Saturday, July 12, 2014

Charles C. Walker, Sr., A ranger during the Revolution

(Family Lineage: 1 Charles Walker Sr.; 2 Charles Walker, Jr.; 3 Eliza Frances Walker; 4 Emarine Bartram;
5 Queen Rebecca Dickerson; 6 Edna Bethel Franklin; 7 Judith Ann Hayward)

1755 - 1810
As an Englishman who had migrated to America in 1737, you have to wonder how Charles' father would have felt if he had still been alive when his son joined the movement to free America from Great Britain. Proud? Disturbed? Hurt?  On the other side of the family, Charles' mother, Elizabeth Taylor, was related to a future president, President Zachary Taylor, the 12th President of the United States, who took office in 1849 and died only 16 months later of an unknown cause (fodder for another post?).

In 1774, 19 year old Charles married 18 year old Elizabeth Margaret Peters, whose father and mother had both migrated from Germany and were neighbors of the Walkers.  Elizabeth's brothers were Charles' closest friends and fellow soldiers.  Ten children were born to the couple, at least one of whom, Chrispianos, fought in the War of 1812 and was featured in a previous post.  (You might want to keep an eye out for future posts describing their other sons' adventures, which included  murder!)

As war broke out, Charles enlisted as a ranger under Captain Peter Hogg, a well-known soldier who had fought in the French and Indian War under General George Washington.   According to "Rangers in Colonial and Revolutionary America” the concept of training men to be rangers originated in the seventeenth century when colonists and Indian tribes continually waged war against each other. They were full-time soldiers employed to "range" between fixed frontier fortifications, doing reconnaissance and providing early warning of hostile raids. They also served as scouts and guides. ( 

His final battle as a ranger occurred at Yorktown.  A lot was at stake! Yorktown had been established on the Chesapeake Bay in 1691 in order to regulate trade and collect taxes. By the early 1700s, it had emerged as a major Virginia port and economic center with 250 to 300 buildings and a population of almost 2,000 people. 

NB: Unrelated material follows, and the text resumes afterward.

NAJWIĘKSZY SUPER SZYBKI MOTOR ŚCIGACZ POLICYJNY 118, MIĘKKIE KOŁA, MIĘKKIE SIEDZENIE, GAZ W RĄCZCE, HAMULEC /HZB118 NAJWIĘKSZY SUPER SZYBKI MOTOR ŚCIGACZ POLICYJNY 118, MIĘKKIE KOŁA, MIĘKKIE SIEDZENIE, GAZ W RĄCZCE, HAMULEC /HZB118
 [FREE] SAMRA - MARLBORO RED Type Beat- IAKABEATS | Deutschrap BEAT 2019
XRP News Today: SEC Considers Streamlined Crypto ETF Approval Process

The Revolution was in its seventh year when, in 1781, British General Lord Charles Cornwallis brought his army to Yorktown to establish a naval base. During the siege by American and French forces that followed, much of the town was destroyed. In fact, by the end of the war, less than 70 buildings and 661 people remained. 
Excerpts from "This Day in History" describe the situation in 1781 when, by an incredible stroke of luck for the Patriots, the French fleet sailed into the Chesapeake Bay just as Cornwallis was choosing Yorktown, at the mouth of the Chesapeake Bay, as his base.

"Upon getting this report, Washington ordered the  Marquis de Lafayette and an American army of 5,000 troops to block Cornwallis' escape from Yorktown by land, while the French naval fleet blocked the British escape by sea.

By September 28, Washington had completely encircled Cornwallis in Yorktown with his troops  and with the combined forces of Continental and French troops totaling 17,000. After three weeks of non-stop bombardment, both day and night from both cannon and artillery, Cornwallis surrendered to Washington in the field at Yorktown on October 17, 1781,  effectively ending the War for Independence. "September 28-This Day in History/Battle of Yorktown Begins", 

As mentioned above, our family's war-hardened rangers, Charles Walker, and his brothers-in-law, who had fought all  those  years against the British, were participants in this final battle of a devastating war.

In 1789, both the Walker and Peters families moved to New River Valley, where they met up with Zachariah Callaway (also a “Family Legend”whose daughter, Sarah, married Charles and Elizabeth's son, Charles Walker, Jr.). 

The plaque, shown above was dedicated in 1976 and, entitled “Revolutionary War Soldiers of Giles County” .  It lists 94 soldiers who served during the War for Independence.. Inscribed on the plaque are the names of Charles Walker and his brother-in-law, John Peters.